Once the background merge completes, read performance returns to baseline (0% impact). This validates the patch-part architecture over naive read-time workarounds (like ReplacingMergeTree and FINAL), which permanently slow queries by an average of 280%.
A temporary ~12% read penalty for a 1,700x write-speed improvement represents a favorable tradeoff for most workloads. Lightweight updates enable high-frequency update patterns previously reserved for row-stores, supporting real-time data enrichment and efficient operations without sacrificing analytical performance.
| Update methodology | Bulk UPDATE speed | Single-row UPDATE speed | Median read query impact |
|---|---|---|---|
| Legacy mutations | Baseline | Baseline | Baseline (0%) |
Read-time workaround (ReplacingMergeTree + FINAL) | N/A | N/A | 280% Slower |
| New patch part architecture | Up to 1,700x Faster | Up to 2,400x Faster | ~12% Slower (Temporary) |
Stop fearing updates: test the performance on your own workload
Updates in analytical databases no longer require complex workarounds. By transforming high-frequency updates into first-class, lightweight operations, ClickHouse combines OLTP write flexibility with OLAP read speeds.
ClickHouse Cloud fully manages background operations like merges and patch applications for its shared-storage architecture. You get the speed of lightweight updates with minimal operational overhead.
Benchmark your own workload using the step-by-step lightweight updates tutorial on GitHub, or test the performance difference firsthand with a free ClickHouse Cloud trial and pre-loaded datasets.
FAQs
Why do OLAP databases struggle with updates?
OLAP databases are built for large scans, not frequent row changes. In columnar systems, even small updates can trigger expensive file rewrites.
What are ClickHouse lightweight updates?
Lightweight updates are a new way to update data without rewriting full data parts. ClickHouse stores only the changed row addresses and new values in compact patch parts.
How do lightweight updates work in ClickHouse?
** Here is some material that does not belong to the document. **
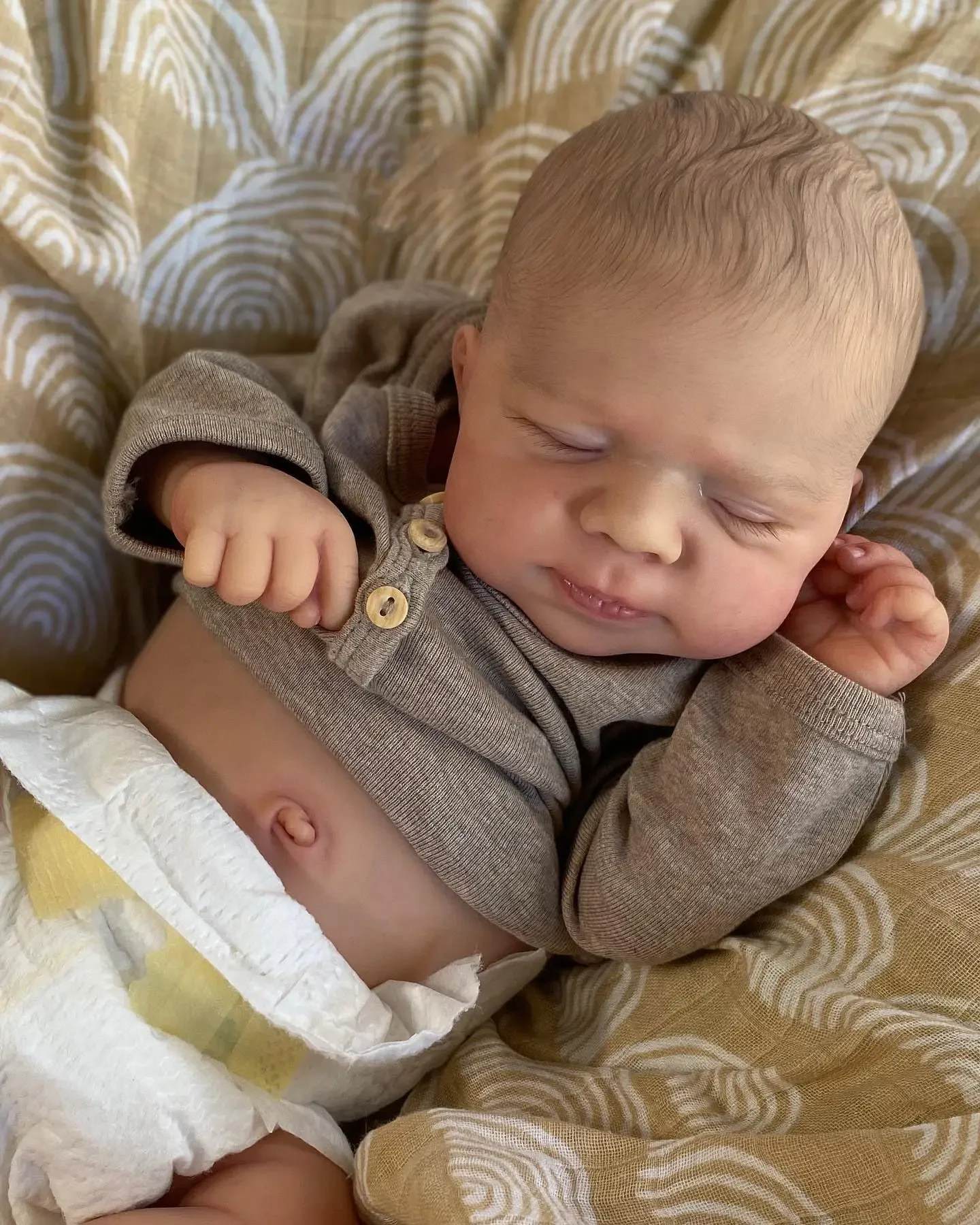 

Risbecko 19-дюймовая уже окрашенная готовая кукла реборн-ручная работа Reborn Preemie Baby, игрушка для новорожденных, подарок, куклы для девочек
ClickHouse creates a patch part with unique row identifiers and updated values. The original data stays untouched until background merges apply the changes.
How do lightweight deletes work in ClickHouse?
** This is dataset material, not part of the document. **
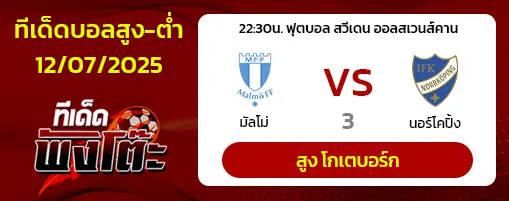 มัลโม่ vs นอร์โคปิ้ง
Deletes use a hidden _row_exists mask. Rows marked as 0 are filtered out on the next read, then removed later during background merges.
What SQL syntax does ClickHouse use for lightweight updates and deletes?
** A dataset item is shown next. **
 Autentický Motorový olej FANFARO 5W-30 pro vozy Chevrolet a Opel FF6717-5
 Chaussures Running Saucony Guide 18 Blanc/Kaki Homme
ClickHouse supports standard UPDATE and DELETE syntax for lightweight changes. This makes migrations easier for teams coming from PostgreSQL or MySQL.
How much faster are ClickHouse lightweight updates?
Bulk updates are up to 1,700x faster than classic mutations. Single-row updates are up to 2,400x faster in the benchmark cited in the article.
Do lightweight updates slow down read queries?
Yes, temporarily. Before background merges finish, read queries were about 12% slower at the median in the benchmark.
What use cases do lightweight updates support?
They support real-time enrichment, GDPR deletes, late-arriving corrections, slowly changing dimensions, and near real-time transaction updates.